- _Record set_
..............................

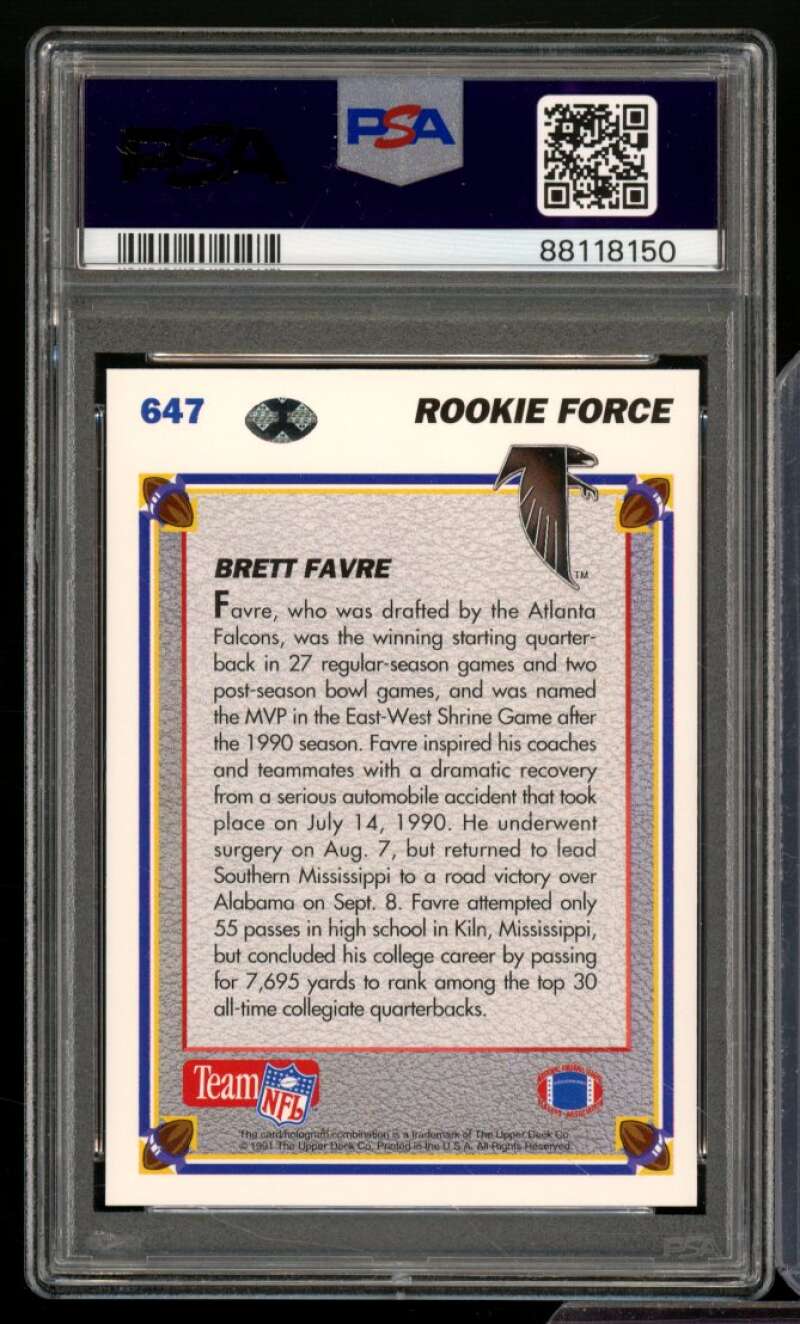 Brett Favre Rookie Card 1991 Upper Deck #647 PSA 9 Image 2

..............................

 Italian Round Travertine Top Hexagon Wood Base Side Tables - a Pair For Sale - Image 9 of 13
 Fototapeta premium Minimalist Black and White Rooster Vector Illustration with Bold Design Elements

..............................

- _Assigned task_
In the data above, find the line that contains "Italian Round Travertine" and the line that contains "Fototapeta premium Minimalist". Repeat exactly those lines and every line between them, and only those.

- _Solution_
 Italian Round Travertine Top Hexagon Wood Base Side Tables - a Pair For Sale - Image 9 of 13
 Fototapeta premium Minimalist Black and White Rooster Vector Illustration with Bold Design Elements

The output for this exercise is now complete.